The USD strengthens, oil prices steady, equity markets are mixed, and US yields rise as markets remain cautious ahead of the Fed. The USD strengthens in anticipation that the Fed will keep interest rates on hold on Wednesday and that the Fed Chair will maintain his hawkish rhetoric. Equity markets are mixed amid a combination of caution heading into the FOMC tomorrow and a flurry of corporate news and mixed earnings reports. The eurozone inflation results saw levels held steady at 2.4%, giving the ECB the option of a June interest rate cut or keeping rates on hold and monitoring the data as the EU economy returns to growth. Elsewhere, oil prices steadied after their most significant drop in almost two weeks as cease-fire talks continued. Gold is set for its third straight gain in three months. Bitcoin prices eased despite the debut of its first Bitcoin ETF in Hong Kong. The focus will be on the US Employment Cost Index, Housing Price Index, Chicago PMI, Consumer Confidence, and CAD GDP to help provide some direction to the markets today, ahead of Wednesday's FOMC meeting.
In other news. Tesla's share price soars 15% on Monday on tentative China approval for the driving system. Diplomats are hopeful of a hostage breakthrough as Israel softens its stance. Europe's leading economies grew faster than expected in Q1. Ukraine's energy chief calls on the EU to help protect gas storage from Russia. China's high-tech output drives growth in factory activity. HSBC's CEO steps down unexpectedly after five years. UK mortgage approvals are at their highest levels in 18 months. SNP John Swinney emerges as the frontrunner to replace Humza Yousaf. Canada's London Drugs keeps stores closed after cyber issues.
In currency markets. JPY remains under pressure but is off Monday's 160.24, 34-year low vs the USD. China's CNY looks set for its fourth monthly decline vs. USD. Currency markets are expected to be sidelined ahead of tomorrow's Fed Interest Rate decision and the Fed Chair's comments. CNY and Asia currencies are steady, down just 0.1% on average against the USD. Trading currencies are under pressure, with AUD & NZD weakening by 0.5%, JPY, ZAR & SEK dropping 0.4%, NOK down 0.25%, CHF & IDR flat, and MXN up 0.1% vs. USD.

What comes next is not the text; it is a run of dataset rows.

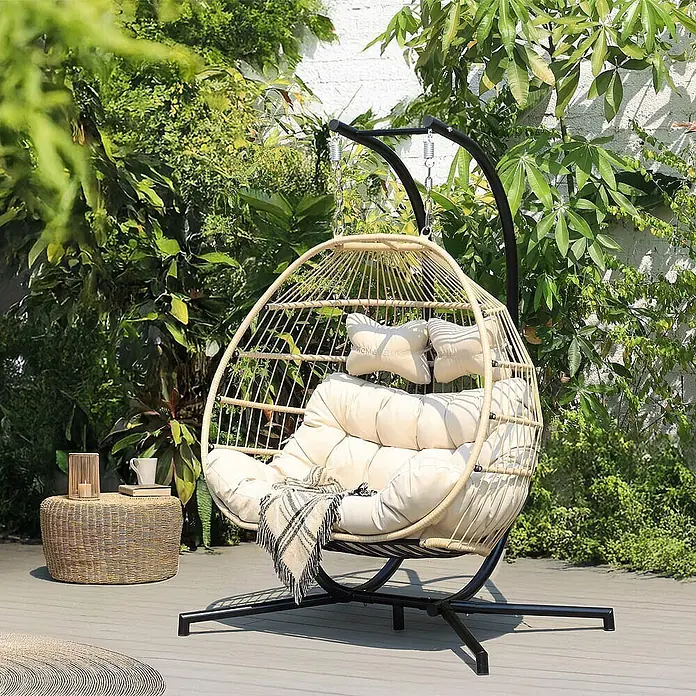 Home Deluxe Hängesessel LOMA 2-Sitzer - Kunststoff, Beige - Beigefarbener Hänge-Eiersessel aus Korbgeflecht mit cremefarbenen Kissen und schwarzem Gestell, auf einer Terrasse.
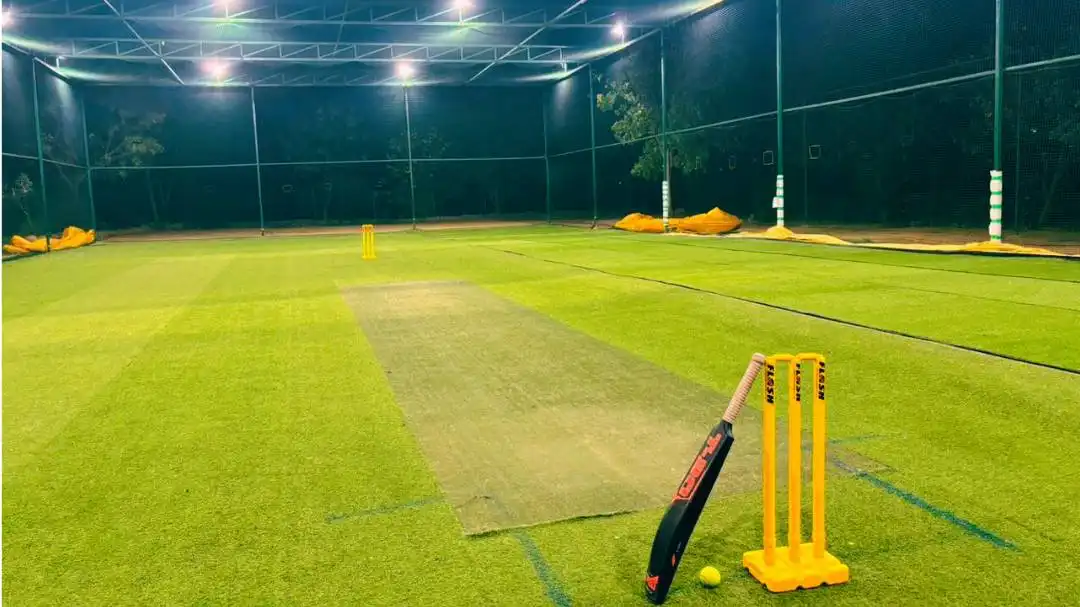 Training field at dusk with floodlights on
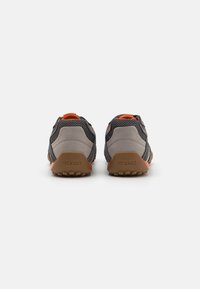 Gray and orange sneakers with mesh upper, rubber sole, and rounded heel. Features include a logo on the heel and contrasting accents.
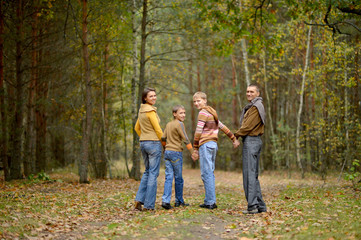 Naklejka na ściany i meble Portrait of family of four walking in autumn forest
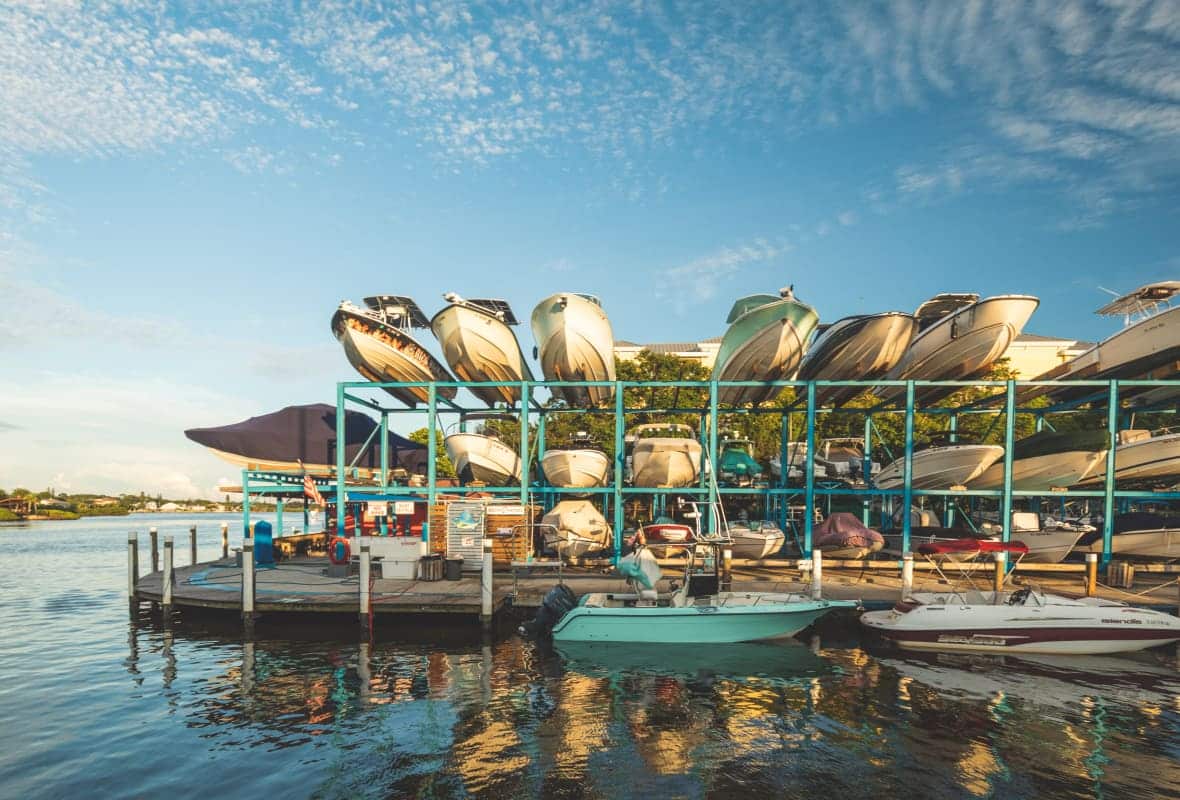 boats stored on racks outside the water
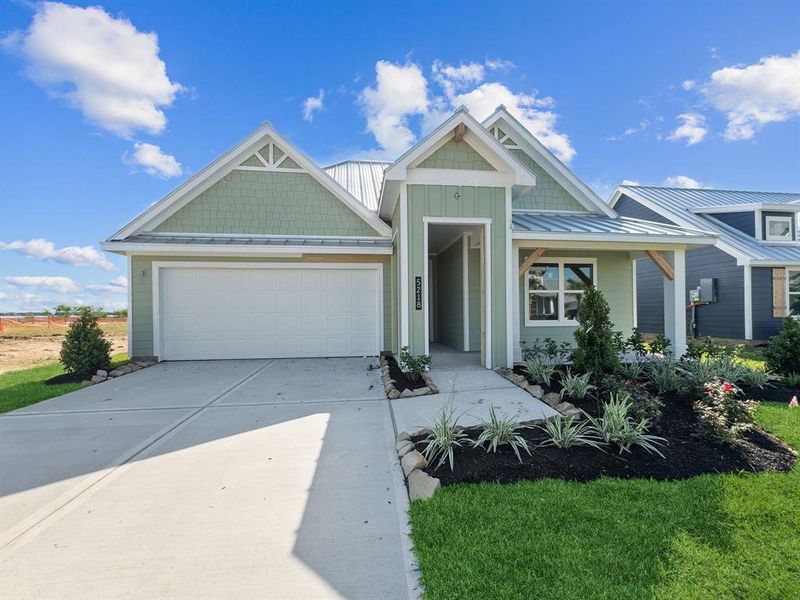 Front exterior of a new home in Grand Cay Harbour, Texas City, TX, highlighting curb appeal (Image 24). Front exterior of a new home in Grand Cay Harbour, Texas City, TX, highlighting curb appeal (Image 24).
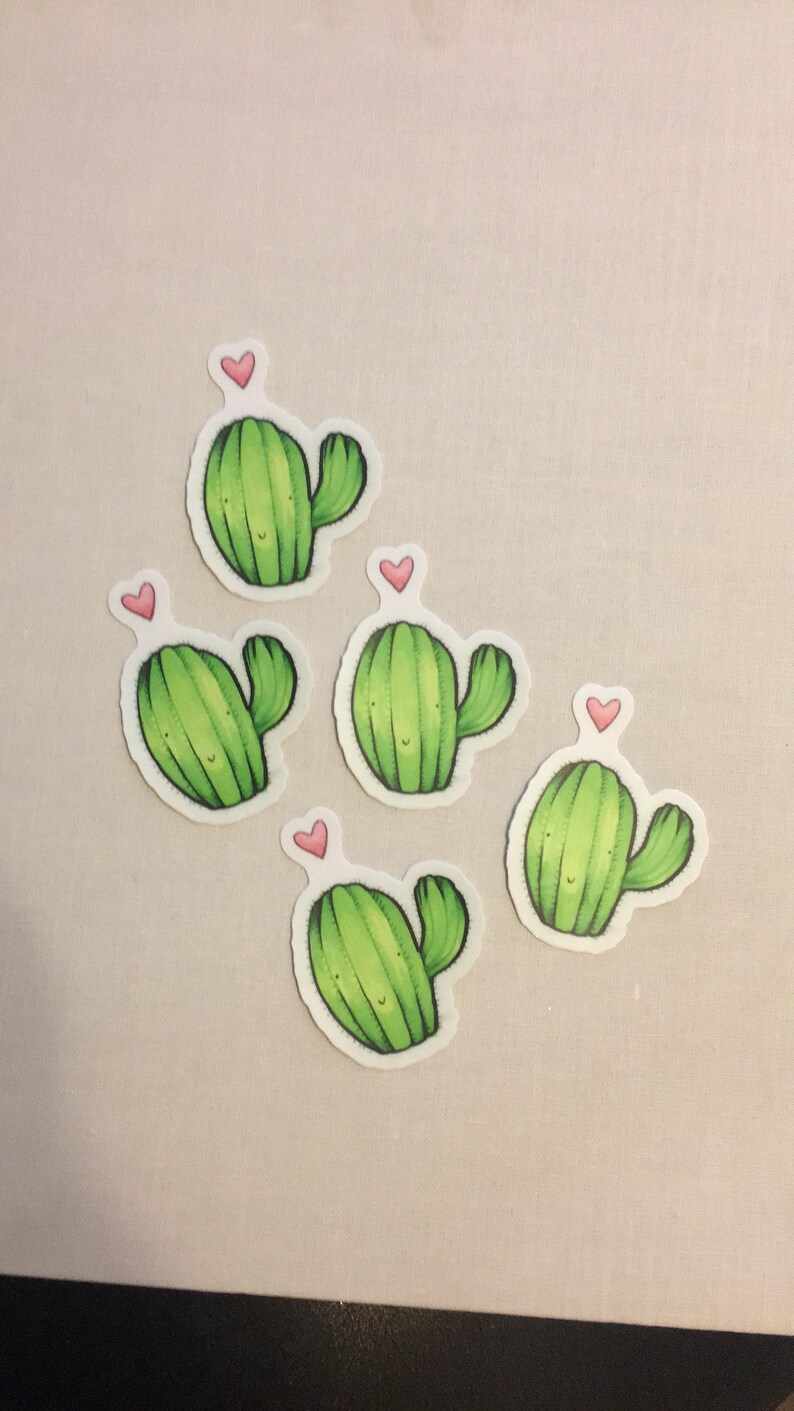 May include: Five green cactus stickers with pink hearts on top. Each cactus has a smiling face and a single arm.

In commodity markets. Oil prices are up by 0.2%, natural gas prices rally by 2.%, gold & wheat prices weaken by 1.3%, silver prices tumble by 2.7%, copper prices fall by 0.5%, and soybean prices slip by 0.15%.
CAD weakened from near three-week highs on Monday as commodity prices eased, and investors returned to the USD ahead of tomorrow's FOMC meeting. Domestically, the focus will be on the Canadian Gross Domestic Product (m/m) for February, which is forecast to grow by just 0.3%, down from 0.6% in January. RBC is forecasting that the Canadian economy grew at just 0.1% in February; if the GDP comes in under forecasted levels, it will put pressure on the loonie and heighten expectations of a BoC rate cut as early as June.
EURCAD continues strengthening because of weakening commodity prices, more robust growth signals in Europe, and the possibility that the BoC will cut first in June
EUR extends gains through 1.0700 amid more robust growth and steady inflation. Domestically, German retail sales came in much stronger m/m at 1.8%, and y/y turned positive to up 0.3%, vs. down 2.7% previously. Eurozone, Spanish, Italian & German GDPs were stronger than expected. At the same time, eurozone inflation levels held steady, which gives the ECB some flexibility to keep interest rates on hold or cut in June. The possibility that the ECB could opt to wait with its interest rate decision provided the Euro a boost in support as the focus shifts to the US economic releases today and the FOMC tomorrow.
GBPEUR weakens off April highs following the strong Eurozone growth and steady inflation data.
GBP holds within a relatively tight trading range as investors remain sidelined ahead of the Fed's interest rate decision tomorrow. The pound is expected to remain capped below 1.2570 amid an easing risk tone heading into the FOMC meeting on Wednesday. With the light economic data released out of the UK, the focus will remain on the US data to help provide intraday direction to the pound. Domestically, in a positive sign for the UK economy, the number of mortgages approved to home buyers in March was the highest since September 2022, hitting 61,300 in March and up from 60,500 in February.